I have always been totally smitten with making outerwear. Back in 2014 when I first fell down the rabbit hole of indie patterns, I was obsessed with the Minoru Jacket and decided to tackle it as my first big sewing project in years. It was a challenge, to say the least, but I felt so good after it was complete. I was ready to sew anything! Jackets and coats do take more time and supplies than the average project, but in the end, you get to wear your make proudly and nobody will ever guess you made it. Making a jacket? That’s crazy, right? Yepp, crazy awesome.
After the Minoru I went on to make the Clare Coat, the Cascade Duffle Coat, the Kelly Anorak, and now the Ellsworth by Christine Haynes! I’ve got another Kelly on the way and have been working on a cute little Lupin jacket, too. My entry-way closet is getting full!! I really enjoy the process of constructing the outside layer, the lining, adding in little details, and then magically pulling it all together! If you have tried coat making yet, you should give it a go, and you should start with the Ellsworth!
Here are a few reasons why this pattern works so well for beginners (in my opinion).
- It has a slightly oversized fit, so there is little chance that the finished coat won’t fit or will be too tight in the back, bust, or arms.
- It is a classic style that will stand the test of time
- It can be made from a huge variety of fabrics, most of which press well and are easy to work with.
I went to Camp Workroom Social last year and It was so cool to see all the beautiful coats come out of the coat making class with Christine Haynes!

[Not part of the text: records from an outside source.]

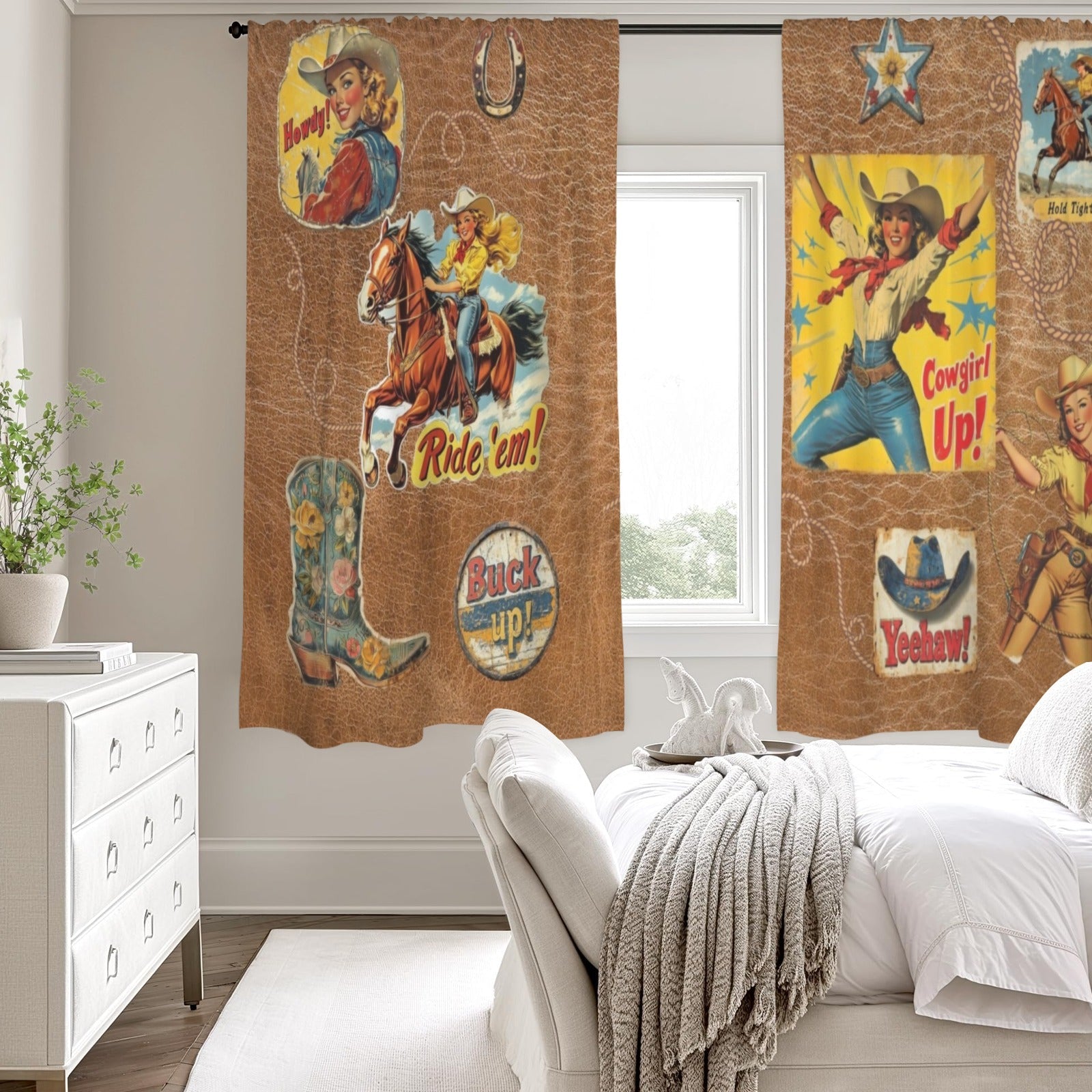 Baha Ranch Vintage Cowgirl Drapes 52" x 63" Made in America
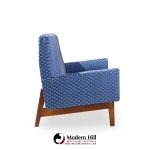 Jens Risom Mid Century Walnut Loveseat Sofa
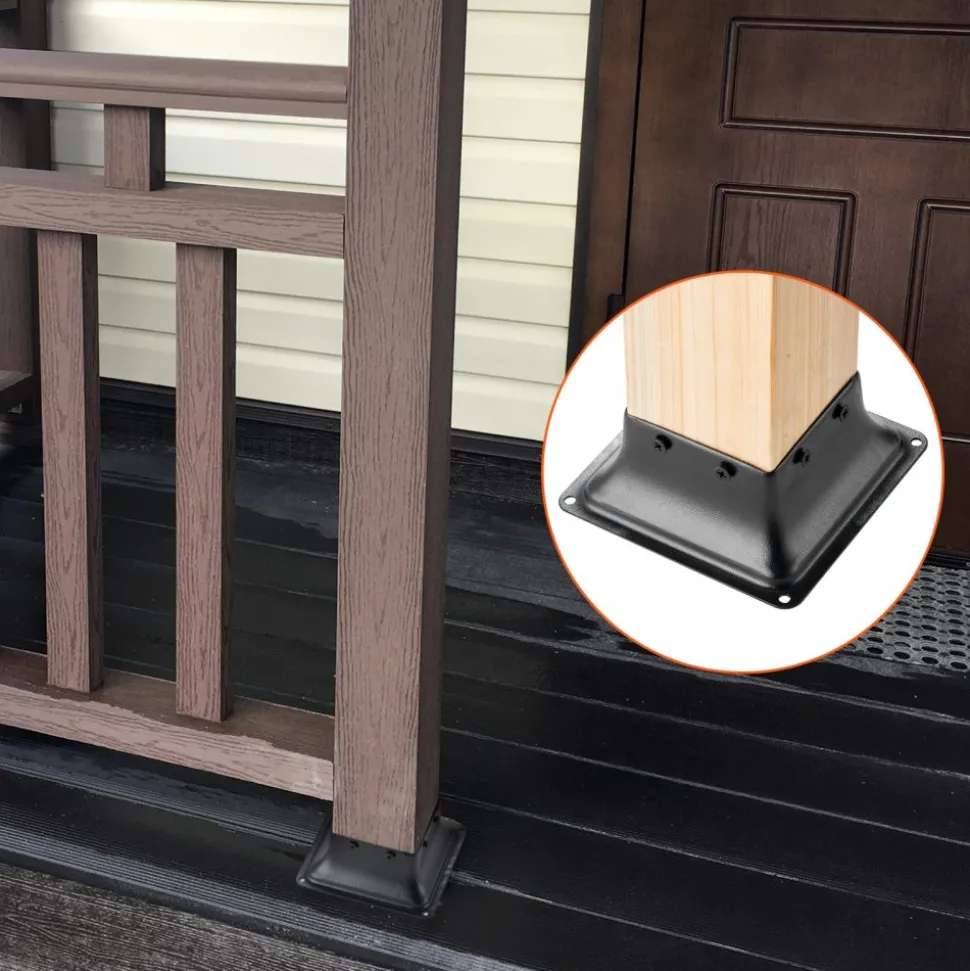 VEVOR 4x4 Post Base 4Pcs, Internal 3.6"x3.6" Heavy Duty Powder-Coated Steel Post Bracket Fit for Standard Wood Post Anchor, Decking Post Base for Deck Porch Handrail Railing Support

I loved seeing all the different fabric choices and it really made me curious to try this pattern.
Because the coat fits large, I chose to size down. On the size chart, I was a 16, but based on the finished garment measurements, I made a 14. I’m glad I sized down and I did not need to make any adjustments in doing so. Normally, I would make a broad back adjustment and possibly a full bust adjustment, but neither were needed with the Ellsworth, even after sizing down.

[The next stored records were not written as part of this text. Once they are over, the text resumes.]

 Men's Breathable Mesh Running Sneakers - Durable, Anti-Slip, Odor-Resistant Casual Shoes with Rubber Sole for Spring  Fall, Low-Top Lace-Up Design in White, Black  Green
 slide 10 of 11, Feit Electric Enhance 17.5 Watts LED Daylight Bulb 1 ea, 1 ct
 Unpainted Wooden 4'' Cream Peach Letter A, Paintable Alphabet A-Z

Even though the Ellsworth has an oversized fit, it is very flattering and chic. The classic design works so well with any outfit, and there is plenty of room underneath for a sweater (pssst – the Blackwood works particularly well!). You can wear the Ellsworth with most of the buttons done up or with all of them done up, but I personally love how it looks open. I have been stomping down the street with my hands in the pockets, letting the front blow open.

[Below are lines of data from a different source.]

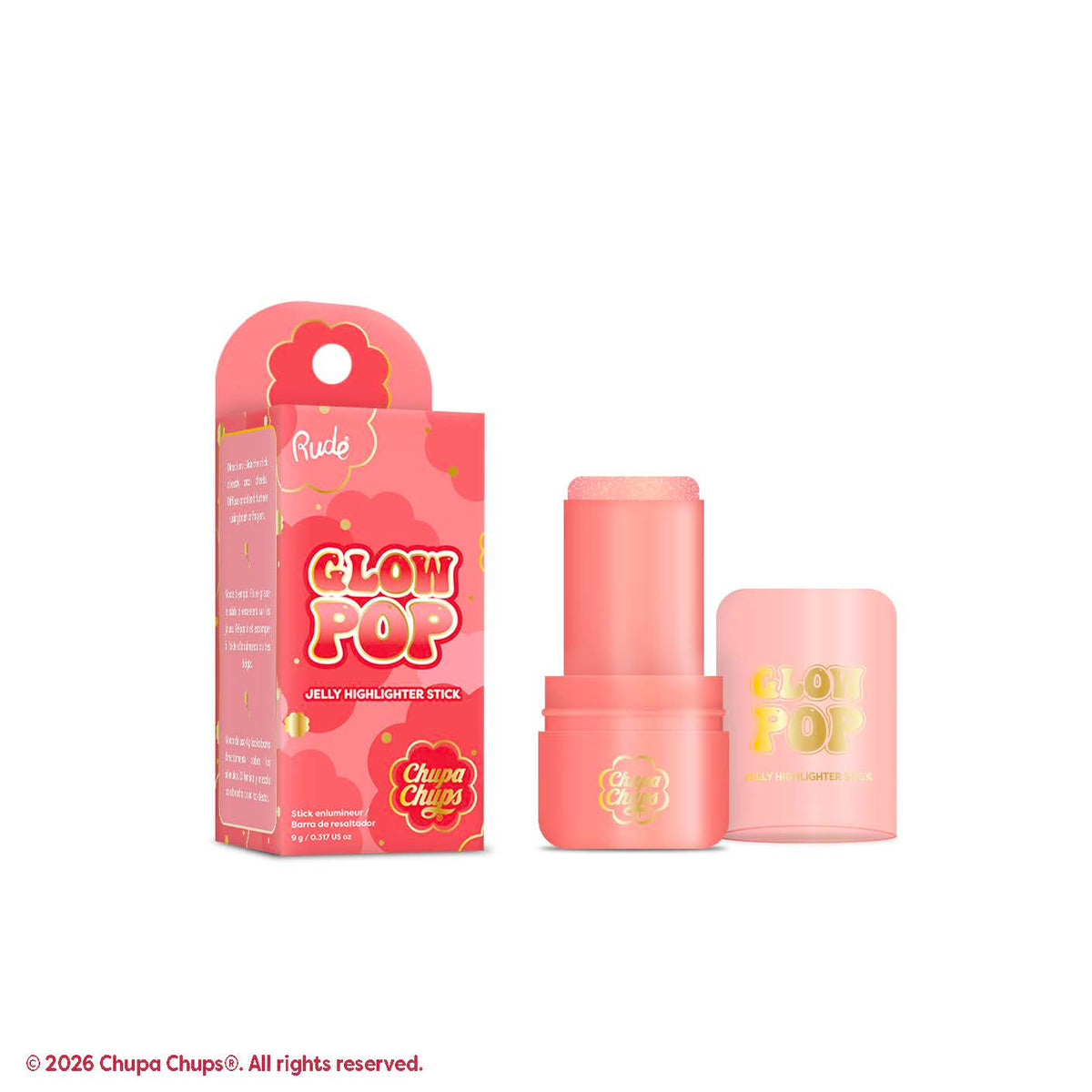 Rude Chupa Chups Glow Pop Jelly Highlighter Stick Nectar Kiss product package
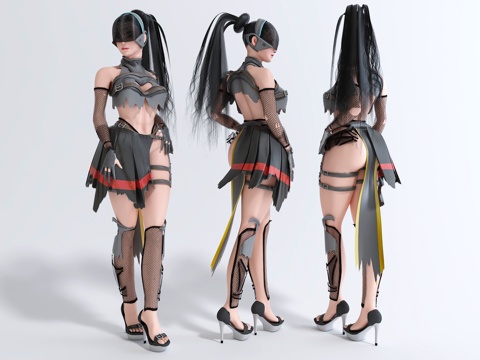 Game female character woman female beauty character anime girl vr little sister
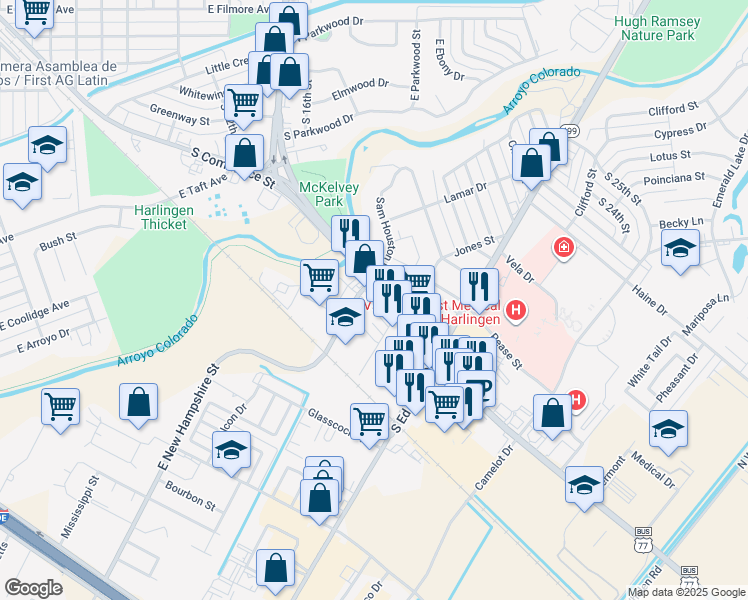 map of restaurants, bars, coffee shops, grocery stores, and more near 1706 S 77 Sunshine Strip in Harlingen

I used a triple stitch to do the topstitching, but decided not to top stitch around the collar in the end. I like the way it looks as is so I am going to skip that final step.
I got several different button options to choose from and I received a lot of helpful advice on instagram (thanks)! The consensus was that these were the clear winner and I agree – they match the inner and outer fabrics perfectly. My only regret with this make is my stupid buttonholer was having a moment and went a bit wonky on me. As a result, my buttonholes are not very pretty, c’est la vie. 🙂
For the lining, I used a darker plum rayon bemburg. It is delightfully slippy inside and helps the coat to not get bunched up at all. I usually pick a bold, contrasting lining, but I just love the way these two shades of plum look together.
Are you considering making the Ellsworth? I would definitely recommend it as a great beginner coat!! Let me know if you have any questions about my version!